● Try it:
Your answer should be the exact lines of the data below from the one containing "Floral Leopard Eyes" through the one containing "Boucles d'oreilles Gigi blanc - arloca"; please include nothing else.

● Data entries:
_____

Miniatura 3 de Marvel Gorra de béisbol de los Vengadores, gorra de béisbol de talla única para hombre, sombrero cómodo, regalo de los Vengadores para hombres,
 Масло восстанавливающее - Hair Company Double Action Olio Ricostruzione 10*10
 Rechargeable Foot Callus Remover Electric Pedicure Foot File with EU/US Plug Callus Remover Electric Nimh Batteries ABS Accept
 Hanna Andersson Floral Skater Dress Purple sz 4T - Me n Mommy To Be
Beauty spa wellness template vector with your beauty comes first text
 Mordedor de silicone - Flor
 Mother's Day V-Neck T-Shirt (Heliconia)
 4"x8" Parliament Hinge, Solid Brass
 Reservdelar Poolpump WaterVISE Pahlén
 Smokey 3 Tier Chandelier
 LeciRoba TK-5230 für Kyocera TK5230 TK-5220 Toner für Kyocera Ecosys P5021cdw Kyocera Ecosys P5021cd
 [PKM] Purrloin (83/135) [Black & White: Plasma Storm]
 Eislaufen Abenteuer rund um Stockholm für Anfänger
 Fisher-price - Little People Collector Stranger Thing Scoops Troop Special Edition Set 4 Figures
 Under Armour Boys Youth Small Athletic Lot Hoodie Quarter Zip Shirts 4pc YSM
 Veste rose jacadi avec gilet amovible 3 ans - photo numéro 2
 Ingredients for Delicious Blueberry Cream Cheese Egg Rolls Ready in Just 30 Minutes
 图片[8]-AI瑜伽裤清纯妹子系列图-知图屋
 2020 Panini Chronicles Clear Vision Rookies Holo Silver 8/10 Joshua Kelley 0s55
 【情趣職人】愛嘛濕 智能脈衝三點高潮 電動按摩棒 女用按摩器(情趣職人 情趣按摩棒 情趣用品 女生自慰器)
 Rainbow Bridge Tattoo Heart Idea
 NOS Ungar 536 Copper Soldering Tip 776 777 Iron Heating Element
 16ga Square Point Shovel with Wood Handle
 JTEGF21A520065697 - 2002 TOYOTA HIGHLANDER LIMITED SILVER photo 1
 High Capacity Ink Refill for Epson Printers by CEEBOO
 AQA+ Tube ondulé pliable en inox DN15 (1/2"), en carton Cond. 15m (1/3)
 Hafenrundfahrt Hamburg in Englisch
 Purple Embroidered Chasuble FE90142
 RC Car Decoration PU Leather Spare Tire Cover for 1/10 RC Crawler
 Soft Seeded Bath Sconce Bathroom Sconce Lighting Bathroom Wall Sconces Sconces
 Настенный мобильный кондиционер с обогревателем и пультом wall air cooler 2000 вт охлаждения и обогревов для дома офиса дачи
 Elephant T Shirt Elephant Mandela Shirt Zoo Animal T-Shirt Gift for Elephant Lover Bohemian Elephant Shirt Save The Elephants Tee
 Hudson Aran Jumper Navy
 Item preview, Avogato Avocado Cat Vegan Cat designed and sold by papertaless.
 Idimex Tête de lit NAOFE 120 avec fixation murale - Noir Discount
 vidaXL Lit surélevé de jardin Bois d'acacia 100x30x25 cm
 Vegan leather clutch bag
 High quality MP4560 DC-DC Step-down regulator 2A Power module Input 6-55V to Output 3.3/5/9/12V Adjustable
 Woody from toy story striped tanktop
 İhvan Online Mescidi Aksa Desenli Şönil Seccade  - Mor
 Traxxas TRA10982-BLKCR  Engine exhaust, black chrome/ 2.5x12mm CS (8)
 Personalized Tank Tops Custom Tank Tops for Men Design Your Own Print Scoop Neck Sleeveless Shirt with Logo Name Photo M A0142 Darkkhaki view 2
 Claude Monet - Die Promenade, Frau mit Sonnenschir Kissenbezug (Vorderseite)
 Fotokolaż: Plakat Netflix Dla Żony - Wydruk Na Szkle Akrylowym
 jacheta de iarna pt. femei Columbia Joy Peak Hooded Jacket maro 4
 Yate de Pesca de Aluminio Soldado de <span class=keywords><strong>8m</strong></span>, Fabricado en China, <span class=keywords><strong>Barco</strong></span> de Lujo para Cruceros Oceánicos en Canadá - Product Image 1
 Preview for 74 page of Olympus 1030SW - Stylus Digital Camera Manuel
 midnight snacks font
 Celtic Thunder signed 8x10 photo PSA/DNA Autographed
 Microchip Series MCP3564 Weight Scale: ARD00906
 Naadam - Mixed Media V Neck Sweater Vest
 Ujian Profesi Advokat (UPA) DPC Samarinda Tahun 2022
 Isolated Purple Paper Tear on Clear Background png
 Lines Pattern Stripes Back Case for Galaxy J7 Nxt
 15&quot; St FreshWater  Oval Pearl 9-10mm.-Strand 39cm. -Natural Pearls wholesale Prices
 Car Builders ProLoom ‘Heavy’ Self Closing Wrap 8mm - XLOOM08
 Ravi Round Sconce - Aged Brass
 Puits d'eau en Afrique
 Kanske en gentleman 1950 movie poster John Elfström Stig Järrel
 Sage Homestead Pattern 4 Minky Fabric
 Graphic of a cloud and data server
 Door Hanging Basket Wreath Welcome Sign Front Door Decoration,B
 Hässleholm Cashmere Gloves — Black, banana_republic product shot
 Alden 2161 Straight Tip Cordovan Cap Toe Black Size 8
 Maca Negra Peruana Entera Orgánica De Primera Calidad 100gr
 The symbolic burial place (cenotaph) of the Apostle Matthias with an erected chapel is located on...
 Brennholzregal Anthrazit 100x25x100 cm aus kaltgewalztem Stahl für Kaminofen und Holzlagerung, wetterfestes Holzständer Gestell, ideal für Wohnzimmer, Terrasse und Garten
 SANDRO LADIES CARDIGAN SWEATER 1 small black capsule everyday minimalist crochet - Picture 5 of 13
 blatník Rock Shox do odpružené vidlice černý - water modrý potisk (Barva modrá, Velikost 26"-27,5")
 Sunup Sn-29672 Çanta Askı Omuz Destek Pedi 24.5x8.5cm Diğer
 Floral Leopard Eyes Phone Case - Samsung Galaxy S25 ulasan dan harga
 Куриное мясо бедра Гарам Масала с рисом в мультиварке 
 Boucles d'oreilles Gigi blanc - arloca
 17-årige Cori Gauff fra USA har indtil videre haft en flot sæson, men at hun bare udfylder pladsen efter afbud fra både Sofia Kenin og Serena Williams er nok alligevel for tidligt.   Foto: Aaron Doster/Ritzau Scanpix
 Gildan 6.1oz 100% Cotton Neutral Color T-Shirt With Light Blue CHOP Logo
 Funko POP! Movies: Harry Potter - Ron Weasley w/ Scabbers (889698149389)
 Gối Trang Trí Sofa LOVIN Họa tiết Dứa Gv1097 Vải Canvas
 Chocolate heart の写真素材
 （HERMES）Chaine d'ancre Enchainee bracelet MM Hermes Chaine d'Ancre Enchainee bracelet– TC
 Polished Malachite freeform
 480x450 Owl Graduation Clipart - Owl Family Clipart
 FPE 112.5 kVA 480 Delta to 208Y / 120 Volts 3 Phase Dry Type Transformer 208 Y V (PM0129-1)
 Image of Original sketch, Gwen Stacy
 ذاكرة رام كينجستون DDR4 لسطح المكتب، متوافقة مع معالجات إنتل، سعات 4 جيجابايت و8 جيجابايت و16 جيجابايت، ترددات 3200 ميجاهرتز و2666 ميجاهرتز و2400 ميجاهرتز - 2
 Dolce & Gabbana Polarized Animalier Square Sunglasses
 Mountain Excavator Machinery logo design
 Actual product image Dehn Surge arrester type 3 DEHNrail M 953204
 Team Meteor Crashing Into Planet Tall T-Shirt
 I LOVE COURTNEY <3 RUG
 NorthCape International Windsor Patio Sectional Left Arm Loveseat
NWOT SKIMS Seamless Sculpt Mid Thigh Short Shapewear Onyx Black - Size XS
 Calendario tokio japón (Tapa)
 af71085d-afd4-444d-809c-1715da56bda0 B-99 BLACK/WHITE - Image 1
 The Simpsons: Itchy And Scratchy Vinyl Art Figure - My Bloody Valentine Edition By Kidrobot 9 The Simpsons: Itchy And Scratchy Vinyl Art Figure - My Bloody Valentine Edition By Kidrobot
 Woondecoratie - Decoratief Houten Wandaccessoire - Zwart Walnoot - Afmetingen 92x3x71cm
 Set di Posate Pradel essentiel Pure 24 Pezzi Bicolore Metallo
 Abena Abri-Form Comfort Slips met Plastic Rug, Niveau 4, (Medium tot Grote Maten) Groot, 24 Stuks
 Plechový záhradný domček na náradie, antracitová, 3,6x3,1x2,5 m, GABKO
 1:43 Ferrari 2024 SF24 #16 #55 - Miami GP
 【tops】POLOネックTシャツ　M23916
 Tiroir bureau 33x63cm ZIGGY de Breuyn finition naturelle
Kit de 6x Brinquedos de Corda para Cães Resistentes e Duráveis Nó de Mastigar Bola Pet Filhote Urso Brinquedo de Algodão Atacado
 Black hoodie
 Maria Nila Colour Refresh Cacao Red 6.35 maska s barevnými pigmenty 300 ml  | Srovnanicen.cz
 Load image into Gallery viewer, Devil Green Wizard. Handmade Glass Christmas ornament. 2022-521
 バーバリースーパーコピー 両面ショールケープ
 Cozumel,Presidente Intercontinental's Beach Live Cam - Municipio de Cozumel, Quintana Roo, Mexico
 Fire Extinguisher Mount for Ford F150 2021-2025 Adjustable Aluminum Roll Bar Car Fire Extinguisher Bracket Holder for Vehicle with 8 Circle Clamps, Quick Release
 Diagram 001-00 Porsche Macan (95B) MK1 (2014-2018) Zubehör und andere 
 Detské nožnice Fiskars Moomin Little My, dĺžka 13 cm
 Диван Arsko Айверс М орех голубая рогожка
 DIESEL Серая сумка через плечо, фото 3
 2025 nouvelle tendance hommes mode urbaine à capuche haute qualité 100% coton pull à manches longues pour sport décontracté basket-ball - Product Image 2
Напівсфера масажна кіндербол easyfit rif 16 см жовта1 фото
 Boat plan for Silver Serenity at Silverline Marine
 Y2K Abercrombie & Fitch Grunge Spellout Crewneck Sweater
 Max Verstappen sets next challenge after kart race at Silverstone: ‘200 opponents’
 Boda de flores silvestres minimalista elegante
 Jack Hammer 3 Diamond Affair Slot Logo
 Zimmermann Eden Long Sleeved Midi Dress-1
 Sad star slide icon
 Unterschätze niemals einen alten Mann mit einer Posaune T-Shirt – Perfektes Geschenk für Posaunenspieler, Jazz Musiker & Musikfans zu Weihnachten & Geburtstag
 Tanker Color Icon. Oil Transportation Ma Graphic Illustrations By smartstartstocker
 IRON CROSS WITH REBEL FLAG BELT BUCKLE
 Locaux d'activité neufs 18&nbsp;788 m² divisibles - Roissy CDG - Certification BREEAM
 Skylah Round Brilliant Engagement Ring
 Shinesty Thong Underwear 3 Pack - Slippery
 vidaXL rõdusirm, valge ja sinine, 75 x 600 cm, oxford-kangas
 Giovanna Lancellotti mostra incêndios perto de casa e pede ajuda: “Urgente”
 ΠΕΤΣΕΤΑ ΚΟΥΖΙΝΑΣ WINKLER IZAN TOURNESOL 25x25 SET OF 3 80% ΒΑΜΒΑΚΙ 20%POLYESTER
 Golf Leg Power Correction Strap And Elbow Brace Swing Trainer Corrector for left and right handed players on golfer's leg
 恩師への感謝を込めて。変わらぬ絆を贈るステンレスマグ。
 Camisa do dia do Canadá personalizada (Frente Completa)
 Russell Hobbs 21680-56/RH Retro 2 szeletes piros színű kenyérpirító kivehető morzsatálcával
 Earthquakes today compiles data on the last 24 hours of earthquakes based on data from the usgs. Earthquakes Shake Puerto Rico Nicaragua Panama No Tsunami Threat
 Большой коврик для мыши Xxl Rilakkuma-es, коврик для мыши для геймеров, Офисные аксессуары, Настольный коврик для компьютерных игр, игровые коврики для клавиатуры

_____

● Written solution:
 Floral Leopard Eyes Phone Case - Samsung Galaxy S25 ulasan dan harga
 Куриное мясо бедра Гарам Масала с рисом в мультиварке 
 Boucles d'oreilles Gigi blanc - arloca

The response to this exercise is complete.